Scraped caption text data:

____

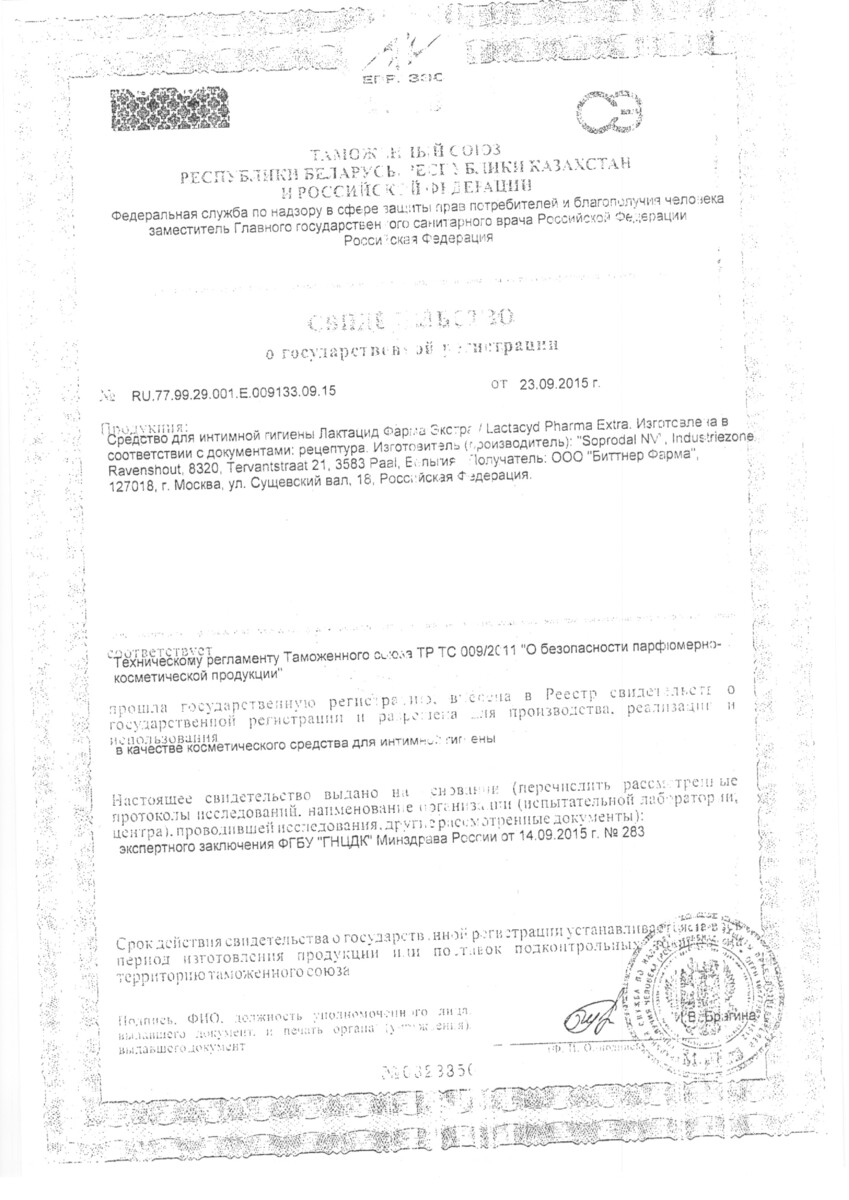 Сертификат на Лактацид Фарма Экстра, средство для интимной гигиены 250 мл, 1 шт. Сертификат на Лактацид Фарма Экстра, средство для интимной гигиены 250 мл, 1 шт.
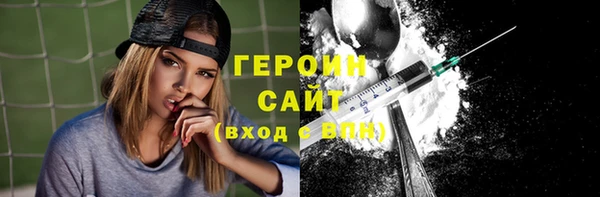 меф VHQ Богородицк
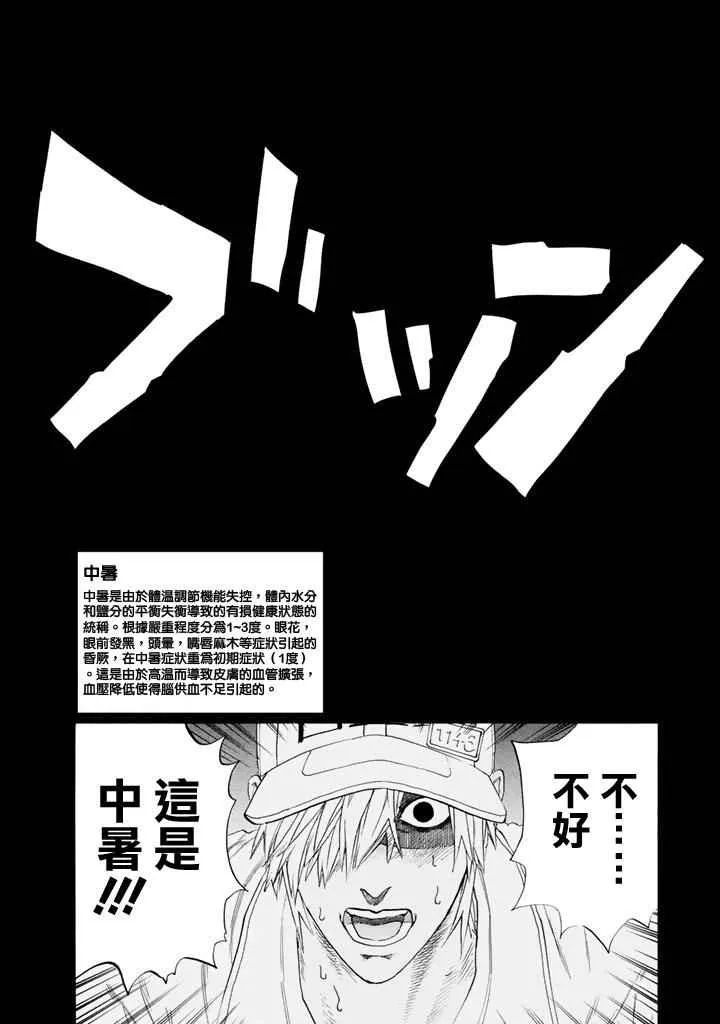 第6话 中暑 第8页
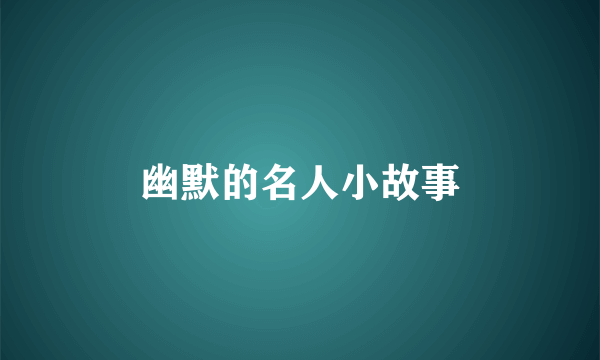 幽默的名人小故事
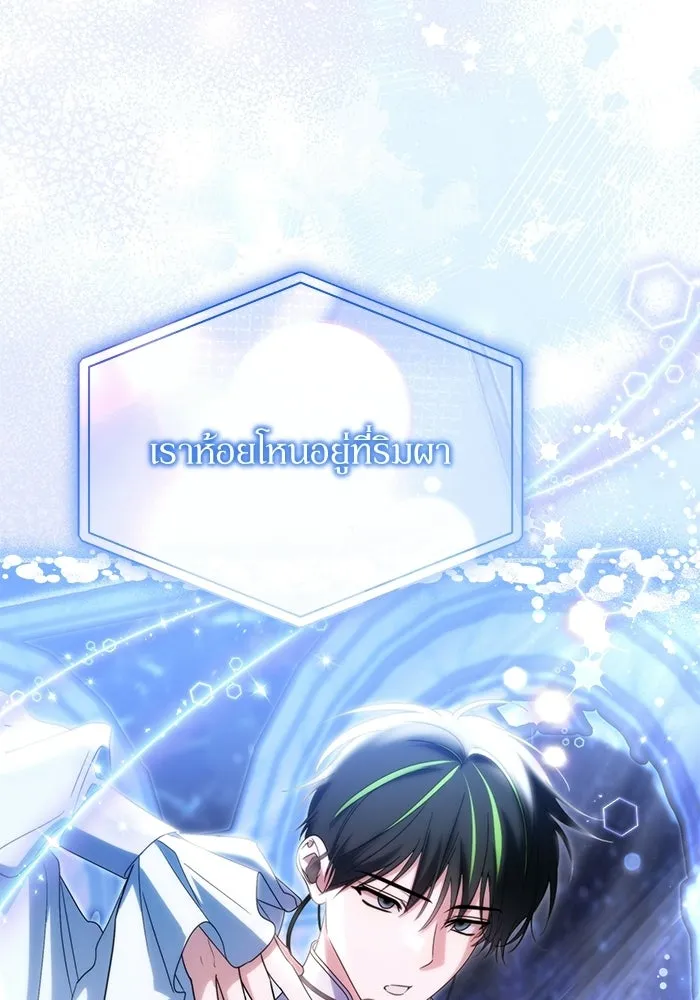 ย้อนเวลามาเป็นมักเน่ ตอนที่ 75 รูปที่ 119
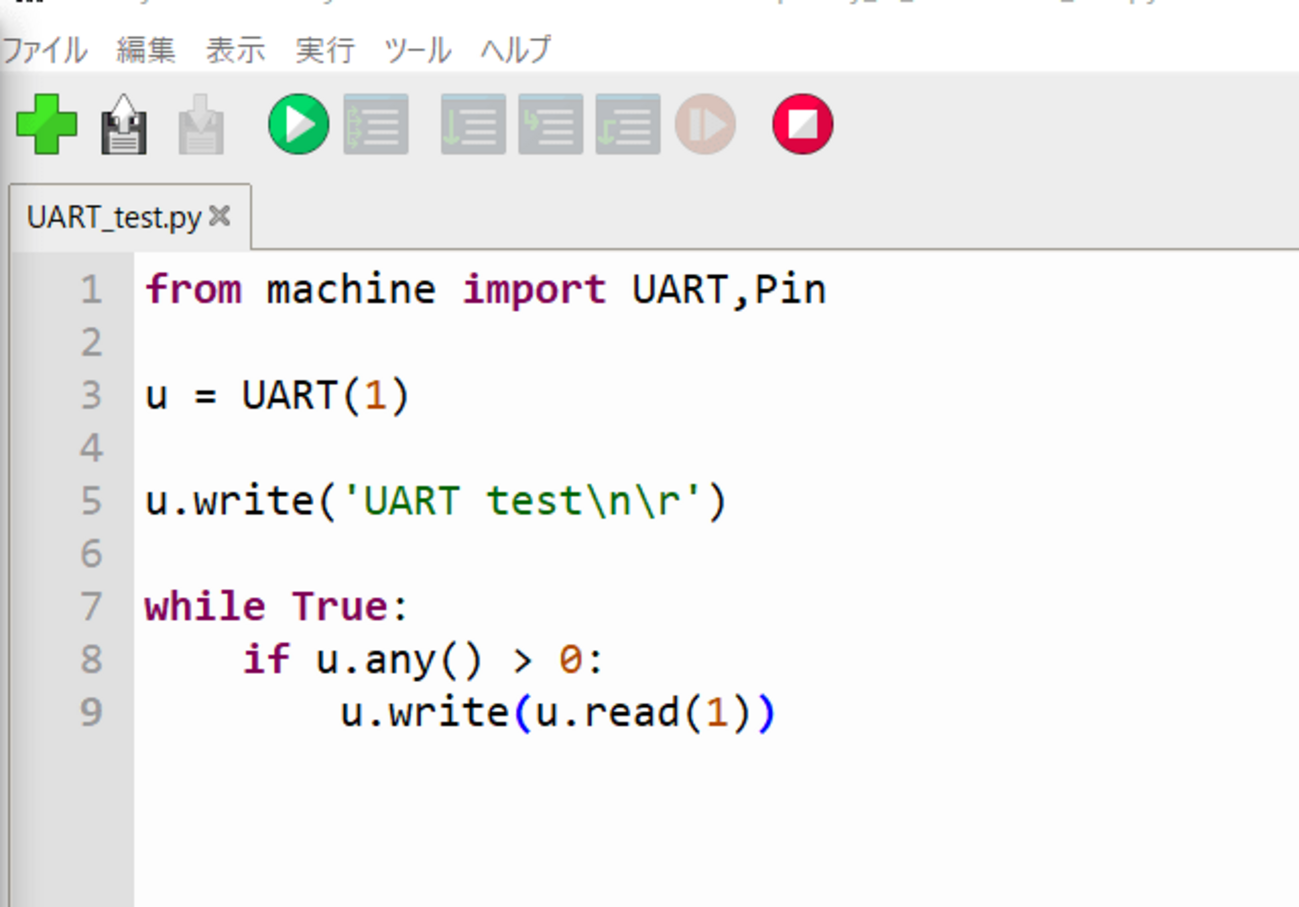 Raspberry Pi Pico MicroPython シリアル通信(UART) テスト - JH7UBCブログ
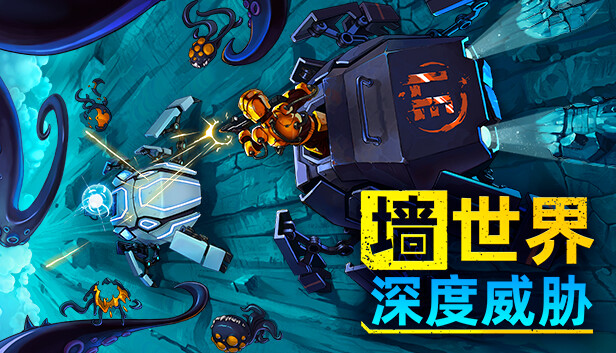 安卓手机游戏《墙世界v1.1.1.0》[完整版]Steam移植-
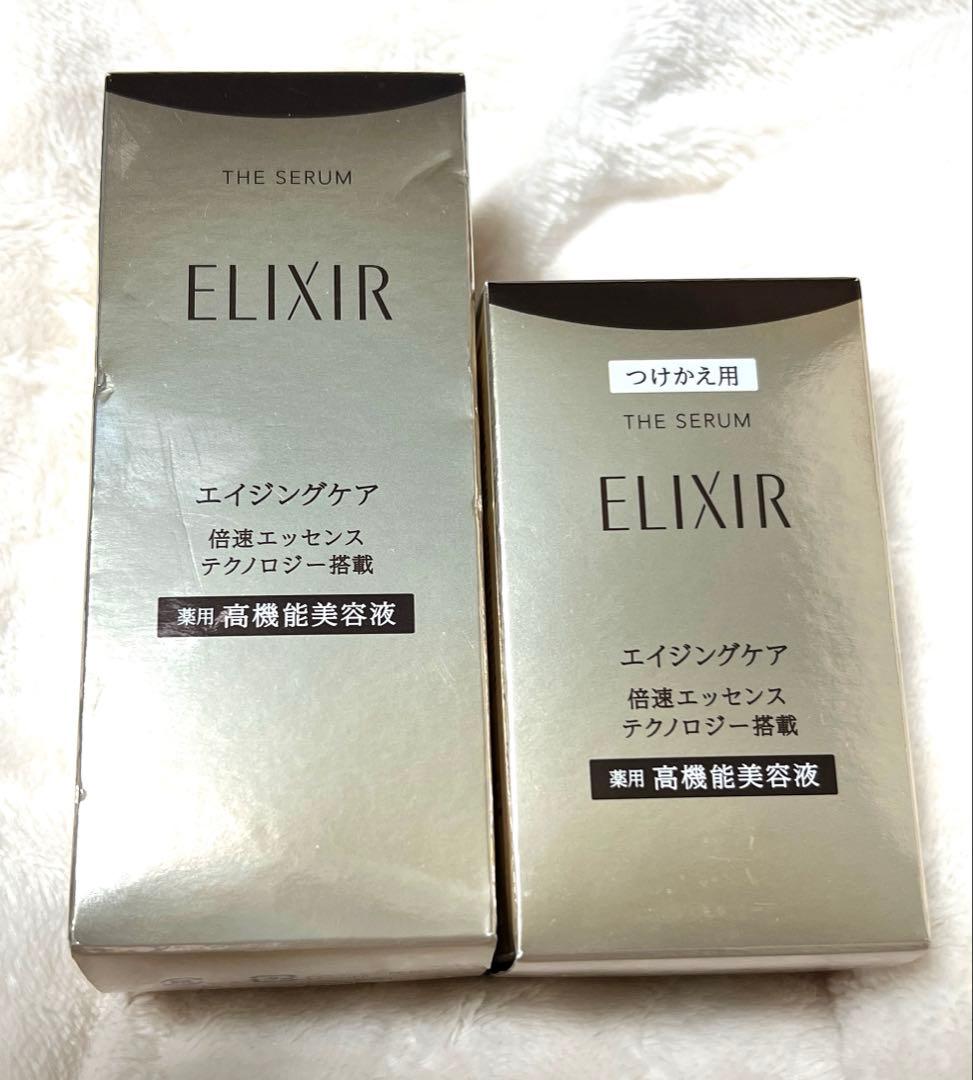 エリクシール シュペリエル ザ セラム aa(50ml)本体＆つけかえ用セット 資生堂 エリクシール シュペリエル ザ セラム aa 50mL【医薬部外品】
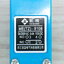 ME(TZ)-8108 Limit Switch AC 250V/5A (Copper Contacts) IP64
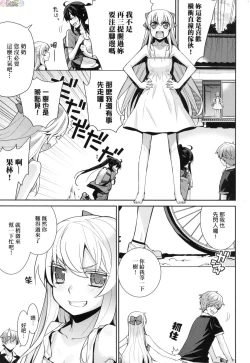 Page 43 of Ashita, Sekai ga Owaru Nara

____

* Assignment: Write out a verbatim copy of the lines from the line that contains "меф VHQ Богородицк" through the end of the entries above; pictures are not copied.

* Solution:
 меф VHQ Богородицк
 第6话 中暑 第8页
 幽默的名人小故事
 ย้อนเวลามาเป็นมักเน่ ตอนที่ 75 รูปที่ 119
 Raspberry Pi Pico MicroPython シリアル通信(UART) テスト - JH7UBCブログ
 安卓手机游戏《墙世界v1.1.1.0》[完整版]Steam移植-
 エリクシール シュペリエル ザ セラム aa(50ml)本体＆つけかえ用セット 資生堂 エリクシール シュペリエル ザ セラム aa 50mL【医薬部外品】
 ME(TZ)-8108 Limit Switch AC 250V/5A (Copper Contacts) IP64
 Page 43 of Ashita, Sekai ga Owaru Nara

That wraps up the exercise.